Malcolm Maclagan

Personal information
- Full name: Malcolm Duperier Maclagan
- Born: 22 May 1907 Murree, Punjab, British India
- Died: August 1997 (aged 90) Dorset, England
- Relations: Myrtle Maclagan (sister)

Domestic team information
- 1936–1937: Europeans

Career statistics
| Competition | First-class |
| Matches | 2 |
| Runs scored | 43 |
| Batting average | 10.75 |
| 100s/50s | 0/0 |
| Top score | 21 |
| Balls bowled | 18 |
| Wickets | 0 |
| Bowling average | – |
| 5 wickets in innings | – |
| 10 wickets in match | – |
| Best bowling | – |
| Catches/stumpings | 1/– |
- Source: ESPNcricinfo, 24 September 2017

= Malcolm Maclagan =

English cricketer and military engineer

Malcolm Duperier Maclagan (22 May 1907 – August 1997) was an English military engineer and first-class cricketer.

Maclagan was born in Murree, Punjab, India on 22 May 1907, the one of four children born to Robert Smeiton Maclagan and Beatrice Ethel (née Duperier). He followed his father into the Royal Engineers, graduating from the Royal Military Academy in 1927. He was promoted to lieutenant in 1930, to captain in 1938, to major in 1944 and to lieutenant colonel in 1950. He retired from the army on 21 May 1959.

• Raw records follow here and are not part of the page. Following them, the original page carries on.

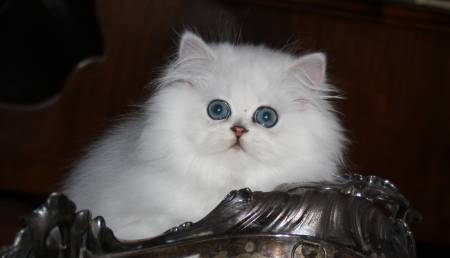 Magnifique chaton persan chinchilla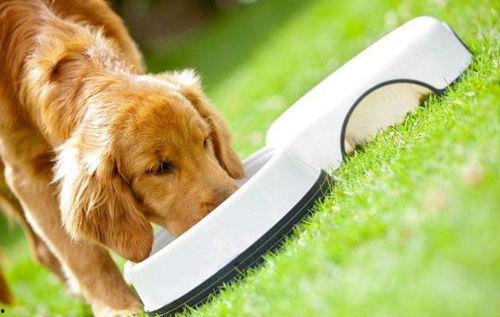 狗吃梨瓜做法视频大全集,狗吃梨瓜制作视频大全，轻松学会萌宠美食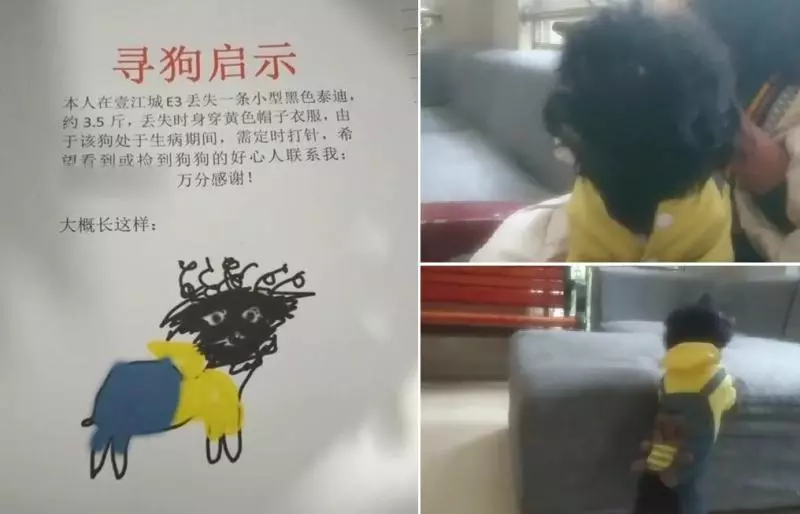 一張尋狗啟事上面「印象派畫風」讓人看到笑歪,沒想到順利找回狗狗後「本尊就長這樣」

During his service, he was posted to India, where he played two first-class cricket matches for the Europeans cricket team. In January 1936, he scored 16 and 4 during an innings loss to the Indians, while in the corresponding fixture the following year, he scored 2 and 21. His sister, Myrtle Maclagan, played fourteen times for the England women's cricket team, scoring over 1,000 runs and taking more than 50 wickets.